Quando si parlava di lui come attore, soprattutto pensando alle fortunatissime interpretazioni dei tanti “Spaghetti western” di alto livello, quelli di Sergio Leone per intenderci, il suo modo di recitare veniva spesso sintetizzato con una battuta, piuttosto irriguardosa peraltro: – Clint Eastwood ha due espressioni: una col cappello, una senza cappello. -Per paradosso, era un gran bel complimento, ma lo so sarebbe capito un po’ di tempo dopo: gli spigoli e le rughe d’espressione del suo volto così arcigno, le linee verticali che scendono dallo sguardo che traduce, ancora oggi, durezza e decisione, lui li ha messi al servizio dei suoi personaggi come meglio non avrebbe potuto. E pensare solo a Callaghan equivale a fargli un torto grande come una casa.
Già dal modo in cui sapeva “riempire” il copione con le sue interpretazioni, si poteva presumere che sarebbe diventato un grande regista. Ma ancora non potevamo sapere la qualità precipua della sua grandezza: saper raccontare storie straordinarie grazie alla gente normale.
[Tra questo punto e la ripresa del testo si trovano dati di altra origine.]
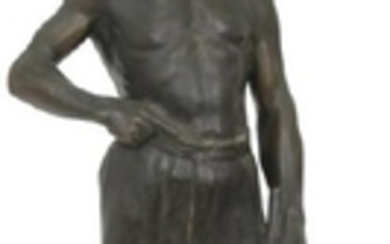 Large Belgian Bronze of a Farmer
A tanti prototipi di americani elevati a potenza dalla macchina da presa, con i passaggi tortuosi dei loro destini e i loro profili caratteriali messi a nudo, sempre in bilico tra fragilità e quotidiani eroismi.
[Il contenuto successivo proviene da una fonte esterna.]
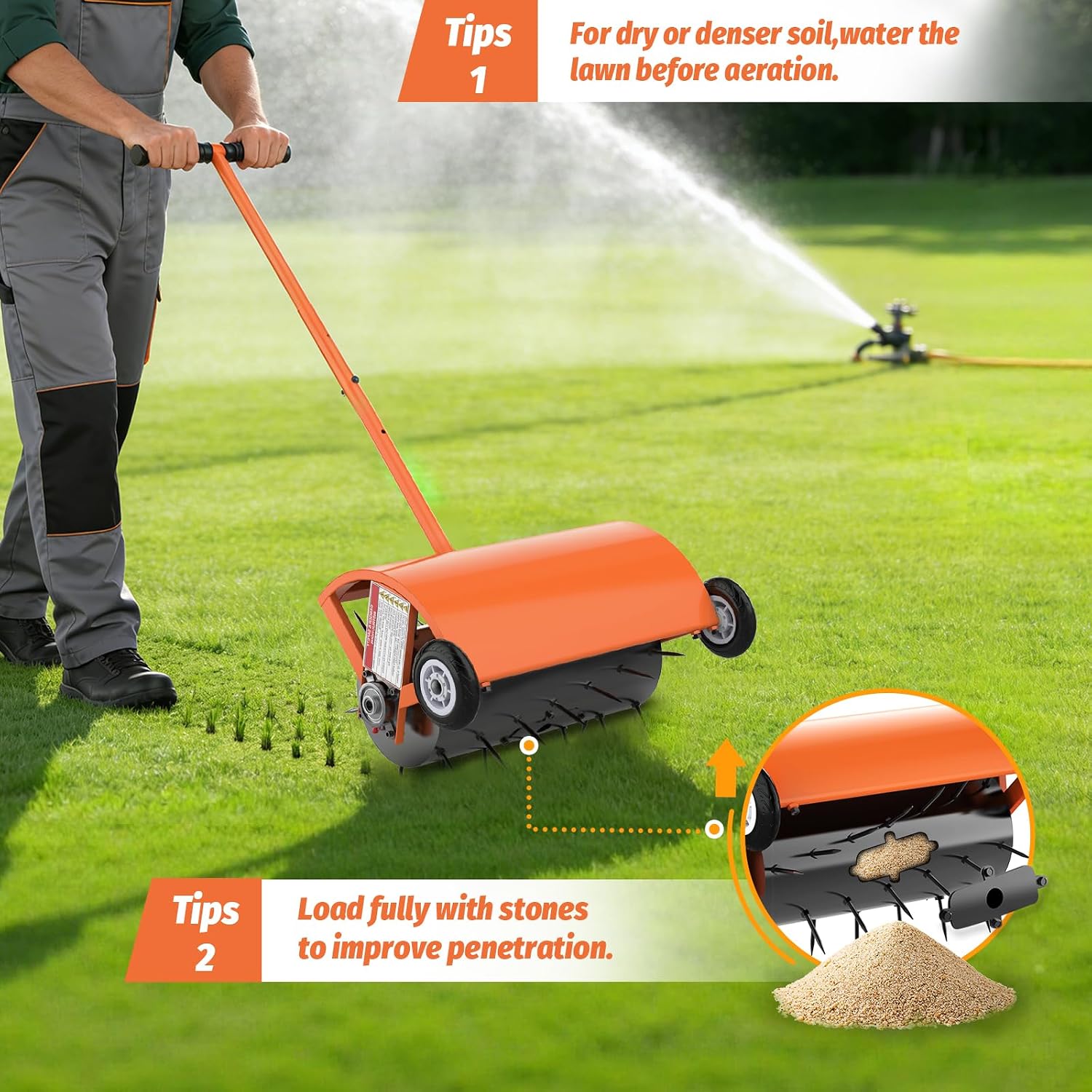 24 Inch Rolling Lawn Aerator, Heavy Duty Manual Aerator Tool, Up to 70 lbs, Push Spike Aeration Tool with 42 Spikes, Suitable for Lawns, Garden, and Yard Grass Aeration [Orange]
Noi, per quanto riguarda i nostri gusti, mettiamo sul podio “I ponti di Madison County”, con una Meryl Streep incantevole nel ruolo di una moglie frustrata che vive il suo grande, intenso e fugace amore con un forestiero di passaggio; poi “Million Dollar Baby”, dove la boxe è un pretesto per la discesa in un abisso esistenziale e infine “Gran Torino”, dove la questione dei conflitti razziali, dei preconcetti e del rispetto tra individui che sboccia anche nel retroterra meno adatto è affrontata senza alcuna ombra di buonismo e meno che mai di retorica.
Ma avete, abbiamo ampia scelta: il cinema di Clint Eastwood è un viaggio che tuttora prosegue, con la certezza che ci farà incontrare ancora gente come noi, che lui attraverso la macchina da presa saprà rendere indimenticabile.